Victoria Express

Gold coinage

Victoria Queen one mohur, dated 1862, Calcutta mint.
Early gold coinage with Queen Victoria's crowned bust consisted of one mohur coins dated 1862. These coins were of the same weight (11.66 grams = one Tola) and fineness (0.9167) as the EIC issued mohurs. These coins, probably minted between 1866 and 1869, were trade coinage and not recognized as legal tender. A number of varieties (including proofs) are known with minor variations in the reverse and obverse decoration details. 'Victoria Queen' mohurs were also struck with the year 1875, as well as 1870 proof issues with a mature bust of Victoria.

In 1876, Victoria assumed the title of 'Empress of India' and, from 1877, the legend on the obverse of all coins was changed to 'Victoria Empress'. Gold mohurs with the new obverse legend were issued between 1877 and 1891. The mintage of these mohurs for any given date is relatively low, making them considerably scarce. Fractional values of the mohur (nominally valued at fifteen silver rupees) were also struck in denominations of ten and five rupees between 1870 and 1879. Except for a small number of ten and five rupees dated 1870, most of the fractional mohurs were proof issues. Varieties with both the younger and mature busts exist.

Silver coinage

Type-set of Queen Victoria coins, silver and copper, all dated 1862. The one rupee coin, struck at the Bombay mint, has 2 dots below the top flower and 0 dots above the bottom flower (2/0).


Currency and proof issues of the 1862 dated rupee coins have a number of different obverse and reverse die varieties, which are helpful in identification of the mint. The design of the coin, however, remained largely unchanged. From 1863 till 1875, the Bombay mint introduced an unusual system of dots to date the coins.
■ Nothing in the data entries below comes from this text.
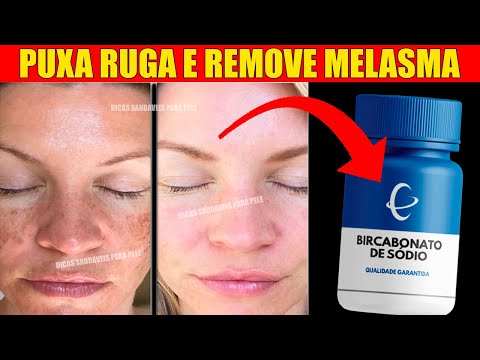 Adeus MELASMA! Dica POTENTE para ELIMINAR as MANCHAS, CLAREAR a PELE do ROSTO, COMBATER as RUGAS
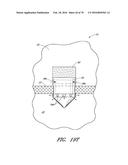 IMPLANTS WITH CONTROLLED DRUG DELIVERY FEATURES AND METHODS OF USING SAME diagram and image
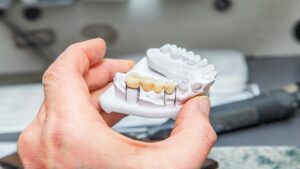 Dental Sentetik Alçı: Diş Hekimliğinde Yeni Nesil Bir Çözüm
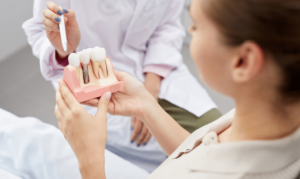 Dental Implants treatment for missing teeth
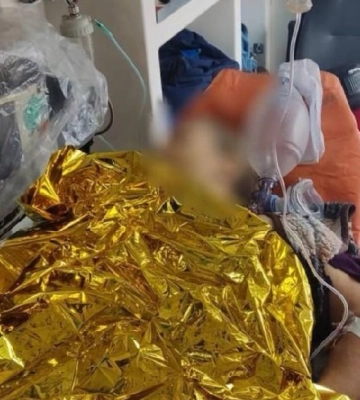 Окупанти з артилерії обстріляли прикордоння Сумщині - є загибла
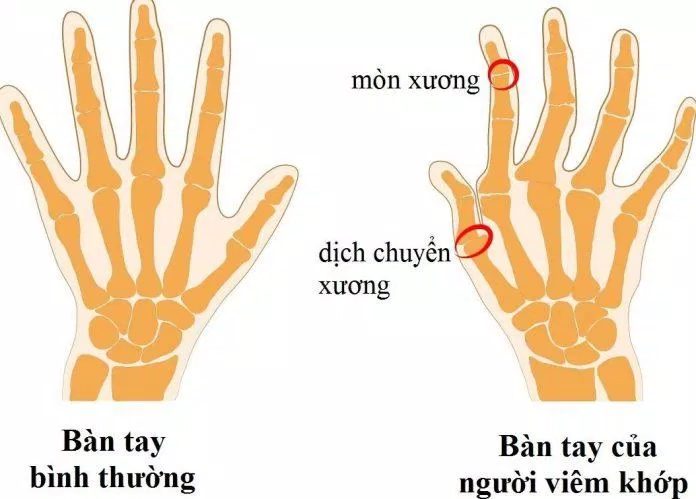 Sự khác biệt giữa tay người thường và người bị viêm khớp (Ảnh: Internet). Sự khác biệt giữa tay người thường và người bị viêm khớp (Ảnh: Internet).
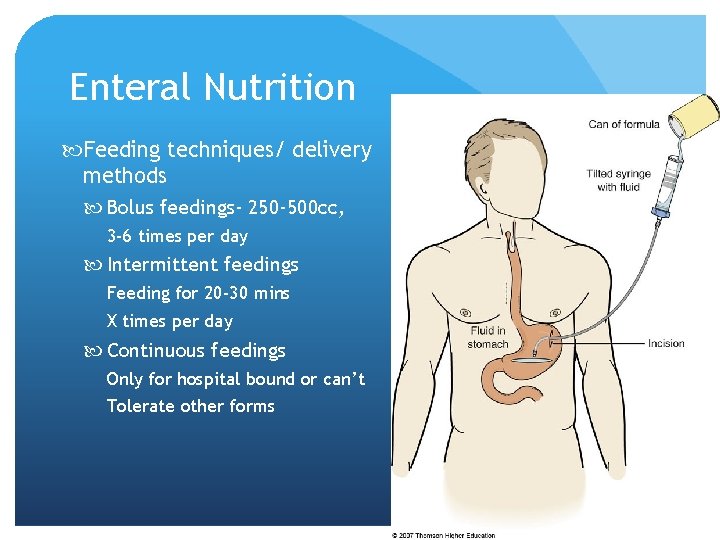 Enteral Nutrition Feeding techniques/ delivery methods Bolus feedings- 250 -500 cc, 3 -6 times
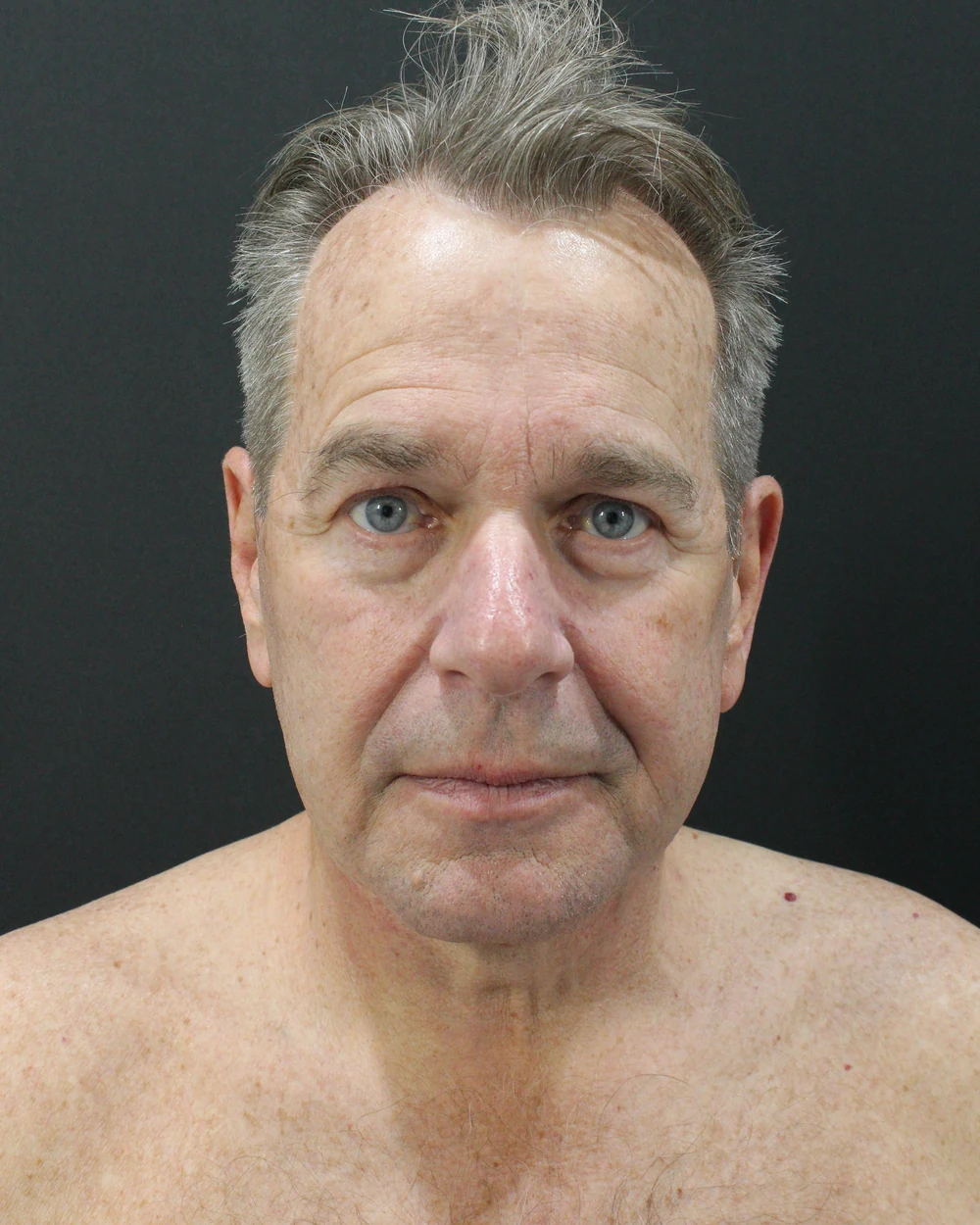 The same jawline after a lift repositions the structure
These dots occur on the reverse below the date, above the word 'ONE', or in both positions. From 1874, this practice was halted and coins began to be dated continuously. From this development, it may be inferred that by this time the 'batta' system must have all but disappeared. As with all other Victoria coinage, the title on the obverse was changed from 'Victoria Queen' to 'Victoria Empress' in 1877. Calcutta mint coins usually carry no mint mark or an incused 'C' at the bottom of the reverse. Bombay mint issues are usually marked by a raised bead below the date, or a raised/incused 'B' in the top or bottom flower, with some exceptions. Rupee coins with Victoria's bust were minted until her death in 1901.

Fractional denominations of half rupee, quarter rupee, and two annas were also issued under Victoria's reign. The dot-dating system was not used for these denominations, and is unique to the 1862 dated Bombay rupees. Similar to the rupee coins, the title of Queen was changed to Empress in 1877. The Bombay and Calcutta issues have mint identification marks similar to the rupee issues (no mark or 'C' incused for Calcutta, bead or raised/incused 'B' for Bombay). Different reverse and obverse die varieties are known for each denomination.